Ethan Frome

by

Edith Wharton

Ethan Frome: Style 1 key example

Style
Explanation and Analysis:

Although Ethan Frome is most accurately classified as a work of Naturalist literature, the novel’s poetic and mournful style bears a strong resemblance to the Romantic and Gothic novels that inspired it. 

The narrative form of Ethan Frome is similar to that of Emily Brontë’s Wuthering Heights, a Gothic novel that also uses a frame story to introduce the main narrative and deals with themes of madness and illicit desire. Wharton’s lush descriptions of nature and extensive use of figurative language in Ethan Frome, meanwhile, are reminiscent of works by Nathaniel Hawthorne, who was a pillar of the Romantic movement.

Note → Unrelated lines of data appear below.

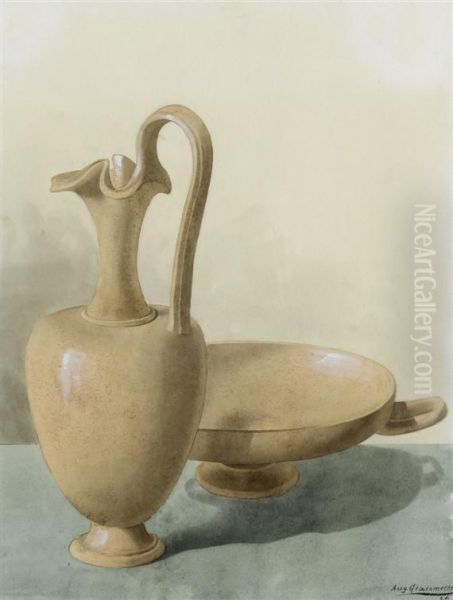 Still Life With Jug And Bowl Oil Painting by Augusto Giacometti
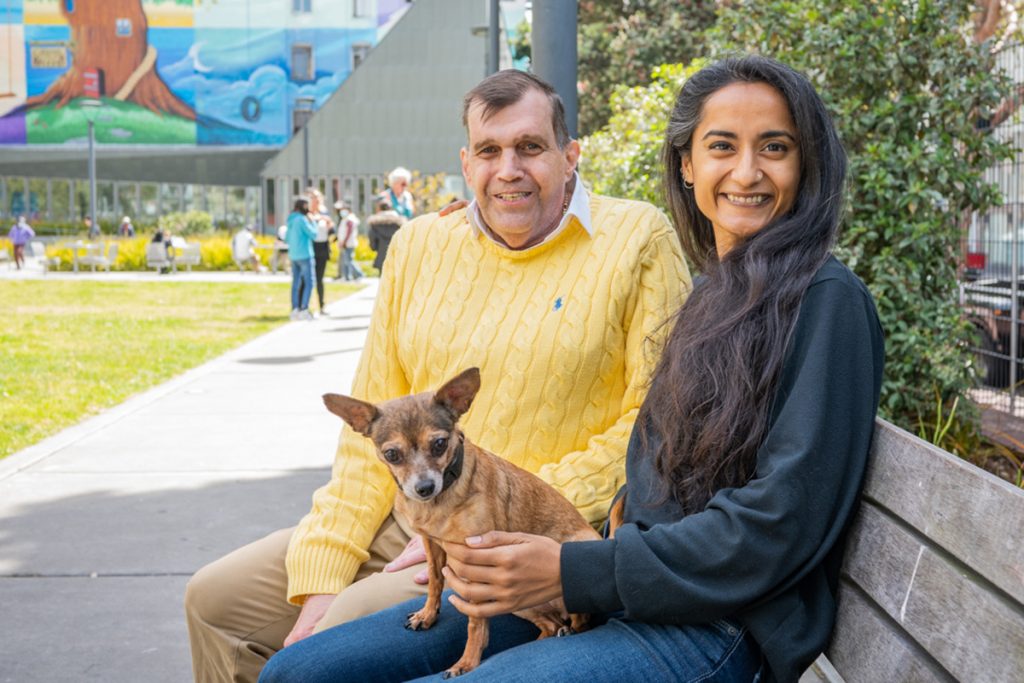 Amrita with Graham and Sweet Pea (dog)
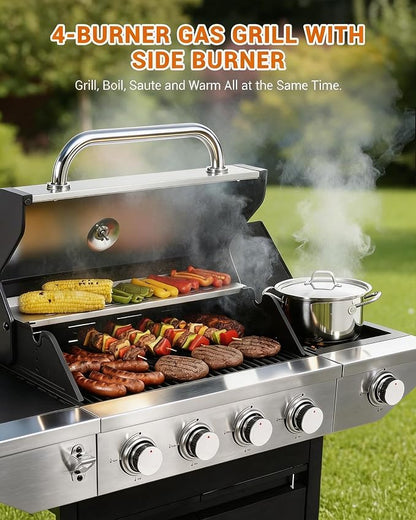 EUHOME 4-Burner Propane Gas BBQ Grill with Side Burner, 46,500 BTU Stainless Steel Outdoor BBQ with Enameled Cast Iron Grates & Foldable Side Tables for Patio, Backyard, and Outdoor Cooking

Throughout Ethan Frome, Wharton uses a variety of different stylistic techniques to convey a sense of hopelessness and mournful beauty. Although the novel is quite short, with the main plot unfolding over the course of just a few days, the pace is very slow at times. This lethargic pace reflects the monotonous lives of the novel’s characters, who struggle to maintain hope and sanity during the seemingly endless Starkfield winters. The pace also contributes to a sense of foreboding and tension, which, combined with Wharton’s use of a frame story, makes the novel’s tragic conclusion seem inevitable. Characters in Ethan Frome often have little control over their own lives, which are instead influenced by a combination of external factors. This focus on determinism seems to reject the Romantic belief in the power of the individual, cementing Ethan Frome as a work of Naturalism.

Wharton’s use of descriptive visual imagery and figurative language, particularly her detailed descriptions of nature, grants Ethan Frome a poetic, somewhat Romantic style. But while Romantic authors like Nathaniel Hawthorne focused on the sublime beauty of the natural world and viewed it as a reflection of the human psyche, Wharton portrays nature as a harsh external force that has the power to shape human affairs while remaining indifferent to them.